Souvenez-vous, dimanche dernier l’Evangile nous présentait le Christ Bon berger, qui donne sa vie pour ses brebis, qui souhaite que Sa Parole puisse rejoindre ceux qui ne sont pas de l’enclos, pour qu’il n’y ait qu’un seul troupeau et un seul pasteur. Aujourd’hui, en saint Jean Jésus utilise une autre image, une autre métaphore, celle de la vigne et des sarments. C’est une image qui peut parler encore une fois à la civilisation rurale dont nous sommes pour la plupart, même si chez nous il n’y a pas beaucoup de vignes, nous pouvons comprendre que le cep et les sarments doivent rester unis : On n’a jamais vu un sarment porter du fruit alors qu’il est séparé du tronc, du cep.
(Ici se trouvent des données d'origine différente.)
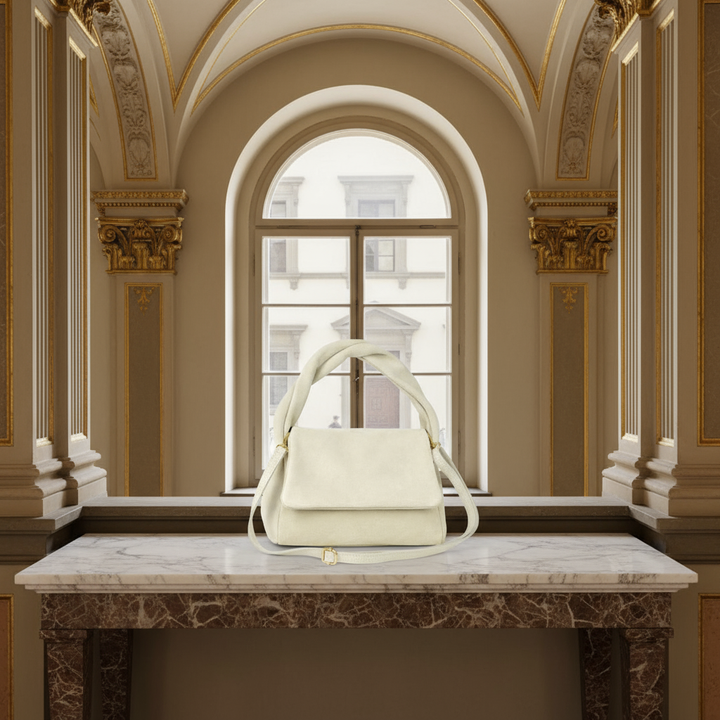 Suede Leather Top-Handle Bag
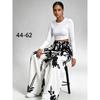 Women Wide Leg Pants Watercolor Big Floral Print Elastic Drawstring Casual Loose Trousers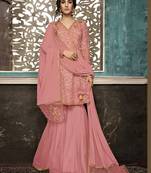 Pink Color Wedding Wear Designer Plazo Suit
Finalement, dimanche dernier le Seigneur nous invitait à faire communauté autour de Lui, le vrai berger, tout en restant ouverts à ceux qui ne sont pas de l’enclos, aujourd’hui il nous donne une directive pour vivre ensemble et il nous donne cette directive dans les trois textes de la liturgie de ce jour.
Dans l’Evangile : « restez attachés à la source de toute vie chrétienne, au Christ ressuscité, sans lui votre travail d’Evangélisation sera vain, sans lui vous serez des sarments secs qui ne donnent pas de fruit… ». Nous oublions trop souvent cette consigne de Jésus et nous nous évertuons à travailler pour l’Eglise en oubliant que « si le Seigneur ne bâtit la maison c’est en vain que travaillent les maçons, si le Seigneur ne garde la ville, c’est en vain que la garde veille » comme nous le dit la Bible …
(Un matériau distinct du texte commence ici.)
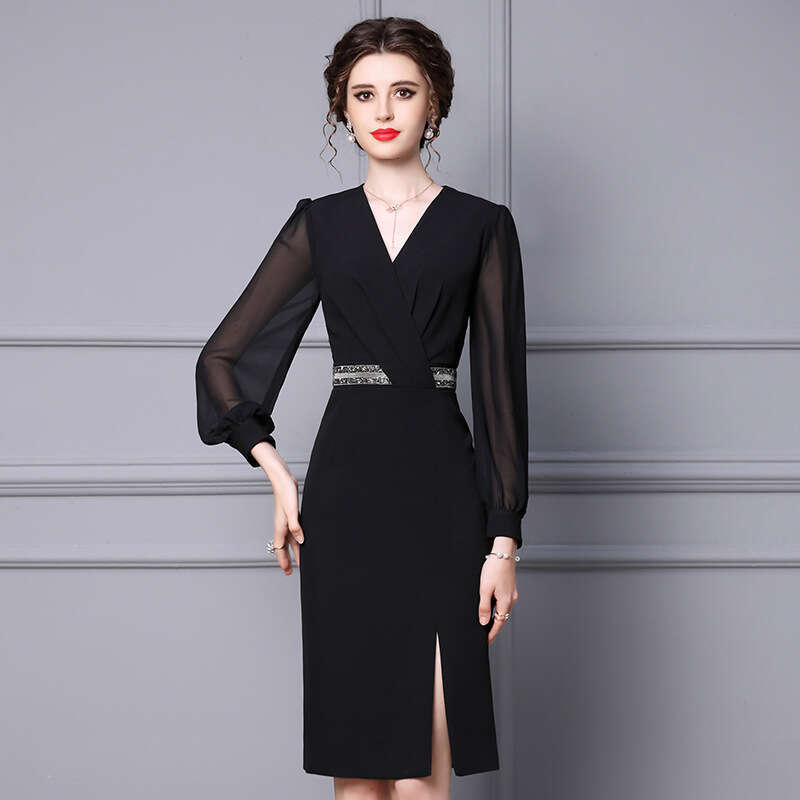 childrens new 2024 autumn fashion dress temperament long sleeved black French style puff skirt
Le « sans moi vous ne pouvez rien faire » ne s’adresse pas à nos occupations journalières mais au travail d’Evangélisation, d’annonce de l’Evangile. Autrement dit le Seigneur ne s’implique pas dans nos actions quotidiennes de jardinage ou de travail journalier qu’il nous laisse bien conduire à notre guise, mais il nous rappelle que si nous voulons travailler à Sa vigne, à Sa moisson, si nous voulons développer la vie de l’église et faire progresser la mission, il nous faut absolument demander son aide, et faire « avec Lui » au risque de nous échiner pour rien .
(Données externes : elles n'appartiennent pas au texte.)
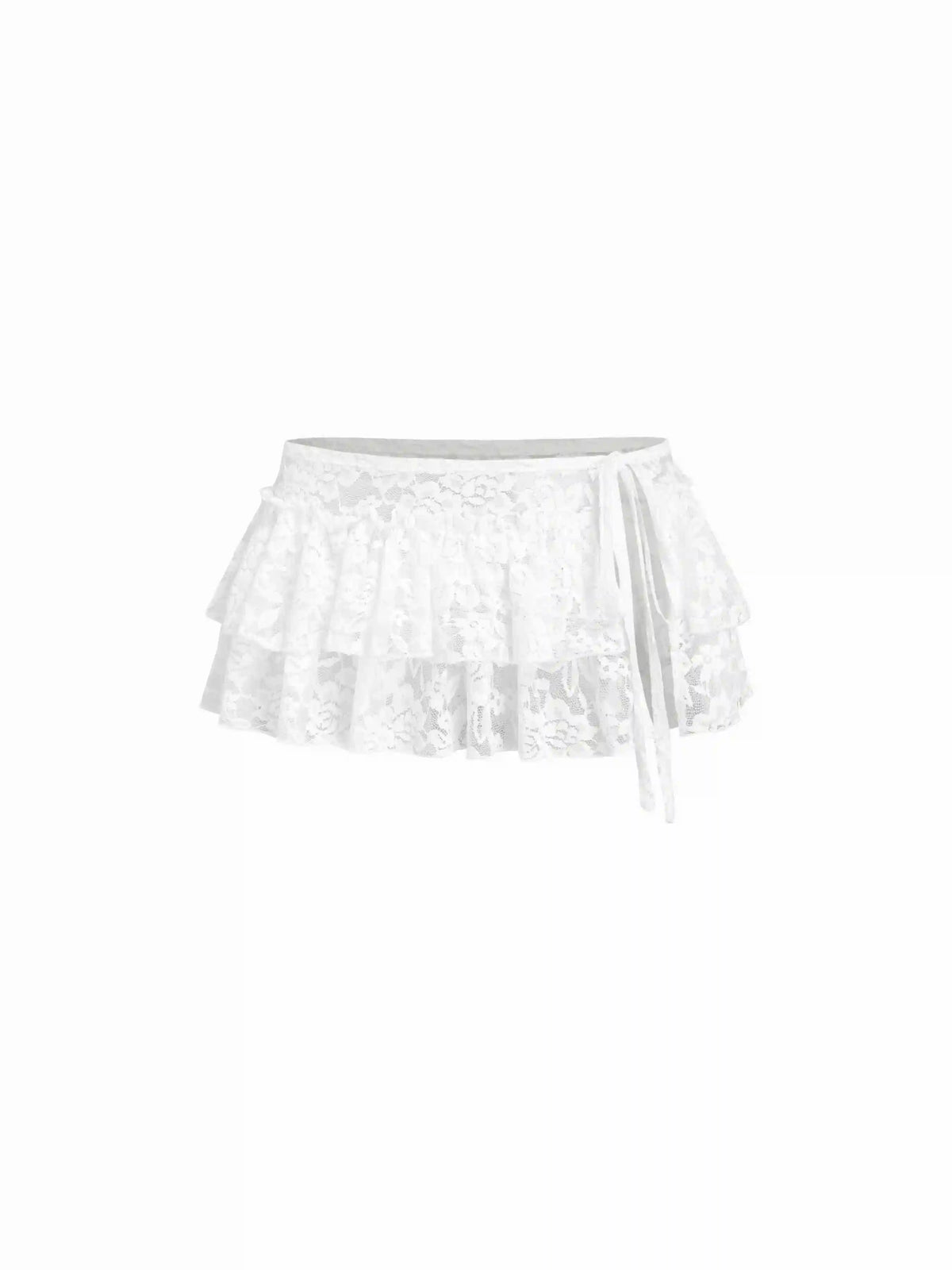 Lace Low Rise Tie Side Layered See-through Micro Mini Skirt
On cite Mère Theresa à qui ses sœurs disaient qu’elles n’arrivaient pas à faire tout leur travail par manque de temps et qui demandaient si on ne pourrait pas supprimer l’heure de prière du matin pour avoir plus de temps. Elle répondait : « on va donc désormais faire deux heures et doubler le temps de prière ».
De même un de mes conseillers d’éducation me disait : « je n’ai jamais appelé un élève dans mon bureau pour lui passer un savon sans avoir d’abord demandé à l’Esprit Saint de me souffler ce que je devais lui dire » .
Confier chaque jour l’éducation chrétienne des enfants et des jeunes, la foi de nos jeunes foyers, la vie de nos communautés au Seigneur, pour lui demander d’envoyer son Esprit Saint sur nos initiatives et notre travail, c’est peut-être cela « rester greffés sur le Christ » Nous pouvons tous le mettre en pratique.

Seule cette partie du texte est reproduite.